The only Winter show I ended up watching was Scum's Wish, and I'm glad I saw it.  Its strength is its emotional rawness, which seemed very pointed at the beginning, but toward the end it got kind of vague, and in places unexpectedly simplistic?  Or at least it seemed that way to me (as I noted when I mentioned it before, being some flavor of ace might mean that a certain amount of this goes over my head, because it is very much about the messiness of teen sexuality).  I say simplistic but not formulaic.  The ending was a bold move for a romance story but a satisfying move for this one, and another of those "simplistic" things would probably seem more "wow" to somebody else than it did to me.  In general, I'd say I cried a lot in a good way but couldn't fully relate.  So I'm glad I saw it, but I don't think it's something I'll really go back to?  (Also I seem to have a track record of finding high school romances ok as I'm watching them but ultimately forgettable, just as a matter of personal taste.)
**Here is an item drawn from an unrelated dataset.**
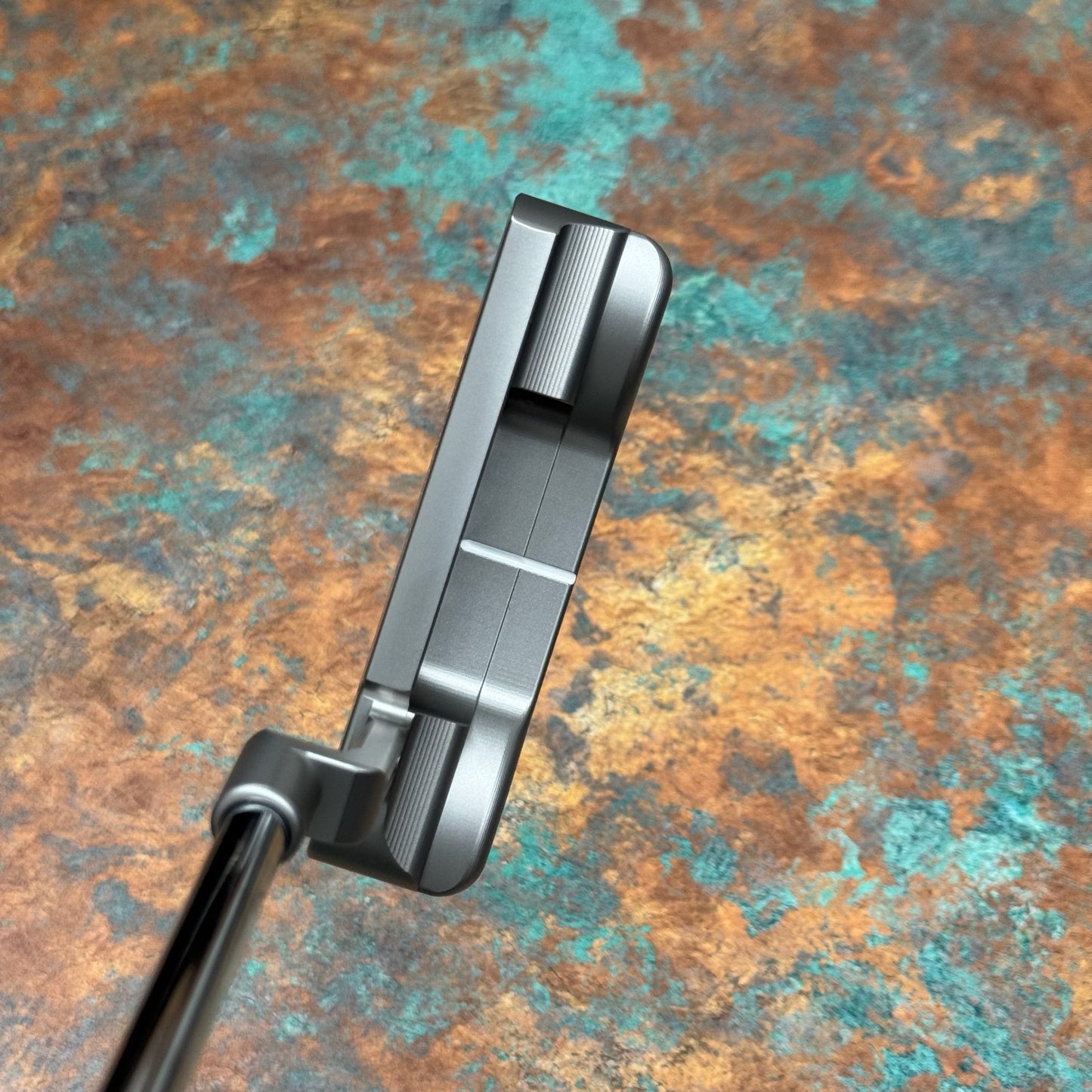 Scotty Cameron Studio Style Newport Copper Face Insert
And for a more fun note (where "fun" roughly equals "schadenfreude"), after an entire season of enjoying the snarky reviews, I finally gave in and watched the first episode of Hand Shakers.  OMG, it was even worse than the snarky reviews had prepared me for.  The colors were at once psychedelic and washed out.  The 2-d animation couldn't make a single movement look smooth.  At any given moment most of the screen was taken up with cheap-looking CGI, and not only did the 2-d pop out from it, it frequently popped out from itself.  The camera work was way overdone with unnecessary moves and effects.  The music, when I noticed it, was either oddly absent or deserved the name of "muzak."  And then there was the writing, which was awful from the micro level of conversations peppered with non-sequiturs all the way up to the macro level whereupon almost nothing that happened in the episode happened for any discernible reason.  So yeah, ep 1 was good for a laugh, but I feel no need to continue.

But Spring is Here!  Uchouten Kazoku and Natsume Yuujinchou have new seasons, and some of the other stuff looks interesting.  Maybe I'll be a bit more ambitious this time (and you know, take on more than one current-run show), but I'll just be doing what I usually do, watching the preview guides at ANN and AniFem and seeing how it all looks.  (Of course sometimes you can't tell from that --- I'm keenly aware that my beloved AkaYona didn't look like much in the preview guide --- but you do what you can.)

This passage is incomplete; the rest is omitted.